Nobody said Mohammed built an actual bomb. They suspected that he had wanted to frighten or alarm officials with a hoax-bomb. When they found out he didn’t intend to do that, they released him.

Given the limited evidence available, this is not far-fetched. Again, where was the engineering teacher to vouch for Mohammed’s story? Why didn’t Mohammed simply explain himself? The police said that initially, it was “not immediately evident” that the clock-in-a-case was a class experiment – perfectly plausible, given that Mohammed built the clock-in-a-case voluntarily, without assignment, and in conjunction with no science fair.

Chief Larry Boyd said simply and correctly, “You can’t take things like that to school” without explanation or assignment in today’s world without it receiving scrutiny.

And according to the cops, Ahmed was significantly more cooperative with friendly media than with the police who came to ask some simple questions.

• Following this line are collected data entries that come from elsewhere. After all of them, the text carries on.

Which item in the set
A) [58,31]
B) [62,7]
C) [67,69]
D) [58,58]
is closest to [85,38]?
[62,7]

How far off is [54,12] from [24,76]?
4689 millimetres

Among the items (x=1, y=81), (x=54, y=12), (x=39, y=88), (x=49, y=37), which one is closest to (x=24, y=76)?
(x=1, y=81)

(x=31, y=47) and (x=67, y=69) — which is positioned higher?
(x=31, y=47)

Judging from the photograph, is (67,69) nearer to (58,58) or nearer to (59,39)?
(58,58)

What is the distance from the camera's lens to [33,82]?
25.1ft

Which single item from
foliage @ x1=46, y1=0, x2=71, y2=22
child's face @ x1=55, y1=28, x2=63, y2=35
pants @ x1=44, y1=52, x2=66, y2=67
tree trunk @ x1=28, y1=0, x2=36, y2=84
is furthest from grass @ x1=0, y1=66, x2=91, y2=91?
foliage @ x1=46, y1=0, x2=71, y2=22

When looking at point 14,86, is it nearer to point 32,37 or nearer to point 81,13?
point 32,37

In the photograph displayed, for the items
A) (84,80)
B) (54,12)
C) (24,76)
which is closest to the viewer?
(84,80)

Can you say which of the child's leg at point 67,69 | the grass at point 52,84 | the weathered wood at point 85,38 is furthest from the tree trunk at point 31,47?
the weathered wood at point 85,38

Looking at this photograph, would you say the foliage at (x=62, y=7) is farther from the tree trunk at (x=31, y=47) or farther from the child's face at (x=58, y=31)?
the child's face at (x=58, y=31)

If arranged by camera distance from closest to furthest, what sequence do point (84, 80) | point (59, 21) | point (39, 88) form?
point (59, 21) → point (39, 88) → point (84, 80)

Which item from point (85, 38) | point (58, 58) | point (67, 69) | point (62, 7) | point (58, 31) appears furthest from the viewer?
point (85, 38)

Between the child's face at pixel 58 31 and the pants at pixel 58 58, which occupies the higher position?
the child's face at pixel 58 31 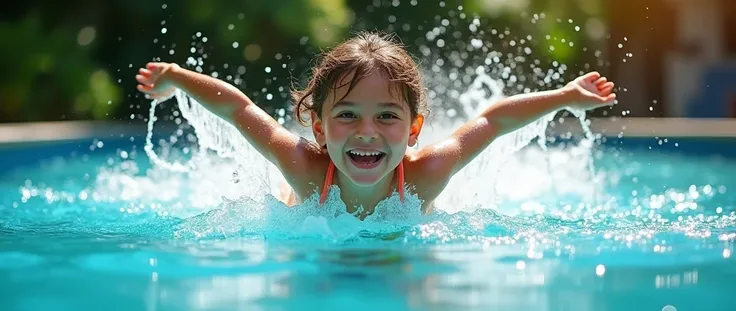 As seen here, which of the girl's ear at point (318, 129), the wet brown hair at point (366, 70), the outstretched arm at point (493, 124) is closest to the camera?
the wet brown hair at point (366, 70)

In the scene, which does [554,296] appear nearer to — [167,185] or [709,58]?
[167,185]

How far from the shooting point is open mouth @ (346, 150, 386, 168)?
365cm

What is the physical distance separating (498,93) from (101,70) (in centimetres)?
546

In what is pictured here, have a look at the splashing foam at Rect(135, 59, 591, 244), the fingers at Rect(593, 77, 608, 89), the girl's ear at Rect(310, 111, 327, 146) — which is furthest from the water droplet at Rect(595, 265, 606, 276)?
the fingers at Rect(593, 77, 608, 89)

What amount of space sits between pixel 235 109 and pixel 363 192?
597 millimetres

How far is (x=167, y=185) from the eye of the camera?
624cm

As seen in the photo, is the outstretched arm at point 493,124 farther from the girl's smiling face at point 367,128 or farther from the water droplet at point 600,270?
the water droplet at point 600,270

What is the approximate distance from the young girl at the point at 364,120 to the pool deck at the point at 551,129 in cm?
450

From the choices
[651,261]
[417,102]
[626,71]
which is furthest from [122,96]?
[651,261]

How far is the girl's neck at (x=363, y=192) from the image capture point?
3.99 m

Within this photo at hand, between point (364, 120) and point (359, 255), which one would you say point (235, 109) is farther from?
point (359, 255)

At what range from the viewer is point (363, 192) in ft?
13.1

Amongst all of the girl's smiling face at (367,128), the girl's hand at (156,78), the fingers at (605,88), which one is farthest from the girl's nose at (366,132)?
the fingers at (605,88)

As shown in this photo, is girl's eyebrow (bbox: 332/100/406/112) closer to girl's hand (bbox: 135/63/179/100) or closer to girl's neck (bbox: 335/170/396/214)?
girl's neck (bbox: 335/170/396/214) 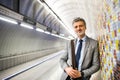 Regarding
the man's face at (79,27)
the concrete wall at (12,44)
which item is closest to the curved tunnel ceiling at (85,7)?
the concrete wall at (12,44)

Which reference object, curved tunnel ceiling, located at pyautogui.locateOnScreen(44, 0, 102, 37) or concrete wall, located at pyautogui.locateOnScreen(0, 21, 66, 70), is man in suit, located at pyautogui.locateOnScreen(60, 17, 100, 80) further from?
concrete wall, located at pyautogui.locateOnScreen(0, 21, 66, 70)

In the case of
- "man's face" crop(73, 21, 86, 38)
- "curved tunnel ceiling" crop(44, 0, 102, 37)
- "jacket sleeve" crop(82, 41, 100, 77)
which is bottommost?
"jacket sleeve" crop(82, 41, 100, 77)

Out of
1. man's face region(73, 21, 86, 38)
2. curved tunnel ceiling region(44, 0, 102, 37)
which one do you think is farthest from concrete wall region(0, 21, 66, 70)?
man's face region(73, 21, 86, 38)

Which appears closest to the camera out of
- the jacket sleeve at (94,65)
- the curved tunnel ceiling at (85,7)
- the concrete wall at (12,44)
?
the jacket sleeve at (94,65)

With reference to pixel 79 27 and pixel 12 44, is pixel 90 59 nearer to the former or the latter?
pixel 79 27

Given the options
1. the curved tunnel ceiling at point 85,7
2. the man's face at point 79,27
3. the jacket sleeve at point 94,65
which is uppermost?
the curved tunnel ceiling at point 85,7

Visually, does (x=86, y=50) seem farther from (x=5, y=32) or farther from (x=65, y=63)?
(x=5, y=32)

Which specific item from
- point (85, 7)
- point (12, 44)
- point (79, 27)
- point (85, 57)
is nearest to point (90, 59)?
point (85, 57)

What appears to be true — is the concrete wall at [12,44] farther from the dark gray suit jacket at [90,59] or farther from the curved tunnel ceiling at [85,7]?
the dark gray suit jacket at [90,59]

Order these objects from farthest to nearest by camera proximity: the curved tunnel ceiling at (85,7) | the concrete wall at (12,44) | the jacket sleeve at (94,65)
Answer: the concrete wall at (12,44), the curved tunnel ceiling at (85,7), the jacket sleeve at (94,65)

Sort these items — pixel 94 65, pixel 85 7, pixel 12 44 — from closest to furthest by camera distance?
pixel 94 65
pixel 85 7
pixel 12 44

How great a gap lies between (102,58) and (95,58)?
7.6 inches

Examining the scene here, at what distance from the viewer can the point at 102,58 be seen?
3.01 m

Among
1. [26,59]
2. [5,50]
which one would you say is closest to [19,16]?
[5,50] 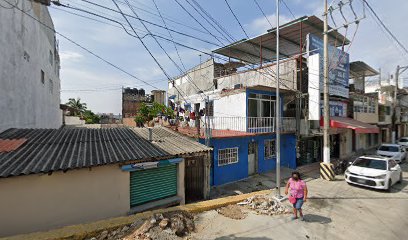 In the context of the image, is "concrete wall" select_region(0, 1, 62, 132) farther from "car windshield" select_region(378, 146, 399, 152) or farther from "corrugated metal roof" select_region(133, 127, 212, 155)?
"car windshield" select_region(378, 146, 399, 152)

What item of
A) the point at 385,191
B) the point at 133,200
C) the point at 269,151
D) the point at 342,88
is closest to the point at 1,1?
the point at 133,200

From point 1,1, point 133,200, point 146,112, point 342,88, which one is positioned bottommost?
point 133,200

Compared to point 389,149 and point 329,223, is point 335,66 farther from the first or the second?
point 329,223

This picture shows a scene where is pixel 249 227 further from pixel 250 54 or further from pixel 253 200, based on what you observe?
pixel 250 54

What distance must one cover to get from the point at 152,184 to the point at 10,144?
4711mm

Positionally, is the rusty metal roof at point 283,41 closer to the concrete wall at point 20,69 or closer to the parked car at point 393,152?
the parked car at point 393,152

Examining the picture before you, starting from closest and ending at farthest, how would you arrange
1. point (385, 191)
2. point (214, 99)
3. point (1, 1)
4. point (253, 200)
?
point (1, 1) → point (253, 200) → point (385, 191) → point (214, 99)

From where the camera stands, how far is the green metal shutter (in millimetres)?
7773

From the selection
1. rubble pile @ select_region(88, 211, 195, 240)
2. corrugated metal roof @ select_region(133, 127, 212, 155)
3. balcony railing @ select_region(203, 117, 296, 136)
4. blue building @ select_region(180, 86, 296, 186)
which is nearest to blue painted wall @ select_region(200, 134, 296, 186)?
blue building @ select_region(180, 86, 296, 186)

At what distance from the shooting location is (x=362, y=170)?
1145 centimetres

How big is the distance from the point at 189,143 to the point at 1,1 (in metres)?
8.76

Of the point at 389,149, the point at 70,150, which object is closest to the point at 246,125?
the point at 70,150

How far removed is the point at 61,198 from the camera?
616 cm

That’s probably not a coincidence. Ahmed’s father, as Pamela Geller points out, is an anti-Islamophobia media gadfly. He routinely returns to Sudan to run for president; he has debated anti-Koran Florida pastor Terry Jones, partially in order to bring his children to Disneyworld. In 2011, the Washington Post wrote of him:

Elhassan, a native of the Sudan who is now an American citizen, likes to call himself a sheik. He wears a cleric’s flowing white robes and claims hundreds of followers throughout Egypt, Sudan and in the United States. But he is unknown as a scholar or holy man in the state he has called home for two decades. Religious leaders in Texas say they have never heard of Elhassan, including the imam at the mosque where he worships.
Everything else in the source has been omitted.